*** Opening Supplied material ***

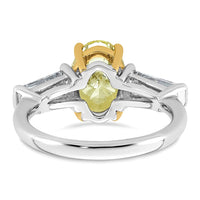 Emma Grace 14ktt 4 1/2ct LabGrown Dia Cert Vivid Yellow & VS+ F+ Comp Ring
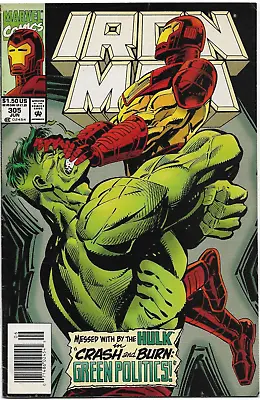 Buy Invincible Iron Man#305 Vf  1994 Newstand Edition Marvel Comics • 22.07£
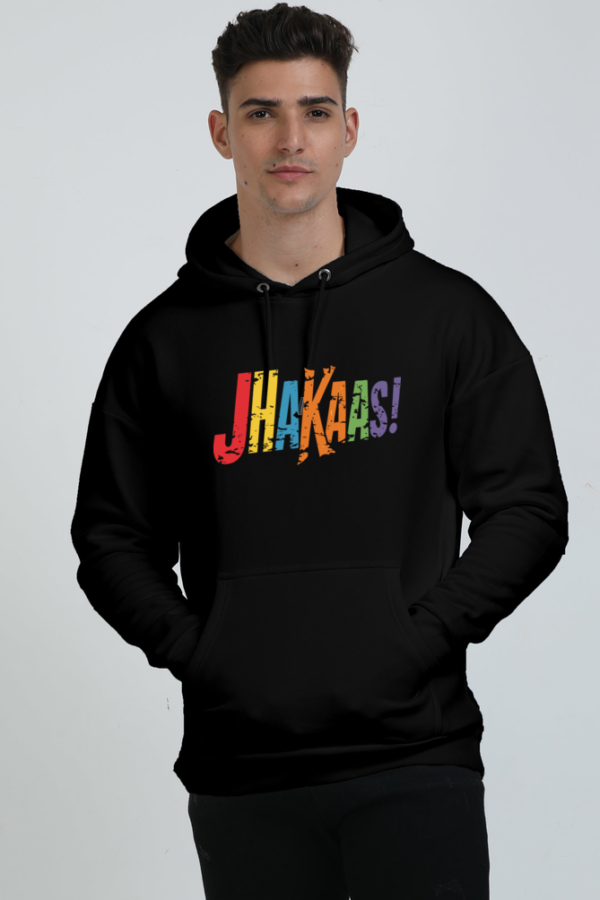 Jhakaas! Graphic Men's Hoodie – Stylish & Trendy Hooded Sweatshirt for Casual Wear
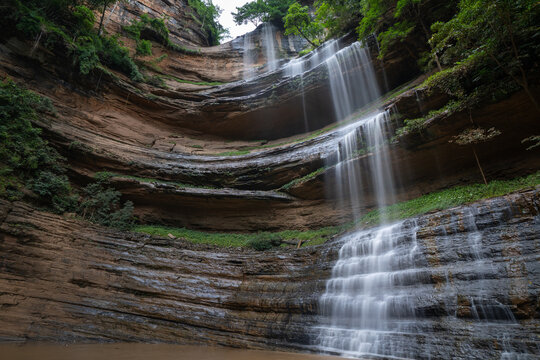 Tad Yai Waterfall, between Phu Pha Man District, Khon Kaen Province and Nam Nao District, Phetchabun Province, Thailand
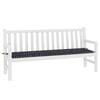 vidaXL Coussin de banc de jardin Noir 180 x 50 x 4 cm Tissu Oxford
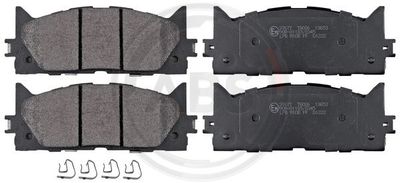 Brake Pad Set, disc brake A.B.S. 37677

*** Closing Supplied material ***

> Work task
What is needed is an exact copy of only the lines from the line containing "Jhakaas! Graphic Men's" through the last line of the entries, inclusive, without the pictures.

> Solution
 Jhakaas! Graphic Men's Hoodie – Stylish & Trendy Hooded Sweatshirt for Casual Wear
 Tad Yai Waterfall, between Phu Pha Man District, Khon Kaen Province and Nam Nao District, Phetchabun Province, Thailand
 vidaXL Coussin de banc de jardin Noir 180 x 50 x 4 cm Tissu Oxford
 Brake Pad Set, disc brake A.B.S. 37677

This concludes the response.